I encourage my daughters to get an education. However people who work for a living deserve to be treated fairly regardless of whether or not they went to college. As the economy continues to offer more part-time jobs that pay less, we need laws like Proposition 1 now, not the vague promise of an affordable higher education years down the road.
I’ve worked at Sea-Tac Airport for 30 years and I still make less than $15 per hour; I’ve never had a single day of paid sick leave. I’m a single mother with two daughters that I’ve raised on my own; one of my daughters needed a feeding tube and required extra care for many years.
I’m not alone. My coworker, Evelyn Orlano, works seven days a week at two part-time jobs at the airport. According to a recent article in the Puget Sound Business Journal, Evelyn is also a mom in her 50s who takes care of her aging mother. Despite putting in more than 40 hours per week, she takes home about $1,540 each month and has no paid sick leave. There are thousands of employees at Sea-Tac Airport and large hotels who work full-time and struggle to take care for our families. By pushing our employers to do the right thing, Proposition 1 will help all of us make ends meet, and more importantly, move all of SeaTac back in the right direction by pumping $54 million back into our local economy.
But Varner implies that the mere possibility of attempting positive change through an economic shot in the arm isn’t worth it. For her, I wouldn’t be struggling if I’d just worked harder or gone back to college. The implication is that I deserve to live in poverty, despite working a fulltime job, because I didn’t have the same opportunities others had.

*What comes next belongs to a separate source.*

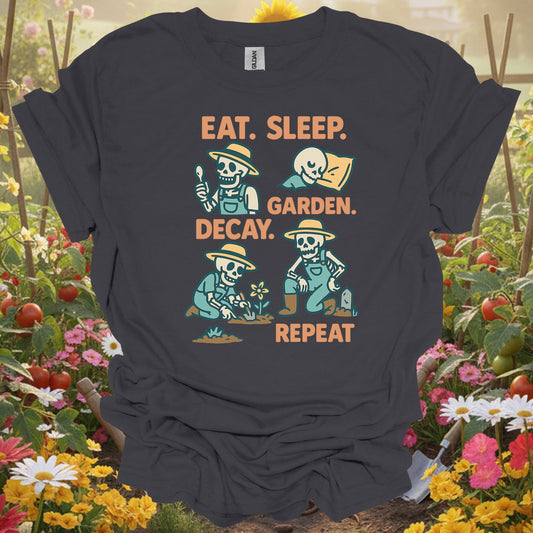"Eat Sleep Decay Garden Repeat" Skeleton Tee - GardeningTshirts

Congressman Adam Smith says the reason he supports SeaTac Proposition 1 is because his dad made enough as a baggage handler to support his family 30 years ago. Today, that same job doesn’t pay enough to keep hundreds of baggage handlers out of poverty and off public assistance. That’s one reason why the city of SeaTac has one of the highest (16.4 percent) poverty rates in King County. That’s one reason why passing SeaTac’s Proposition 1 this November is the right thing to do.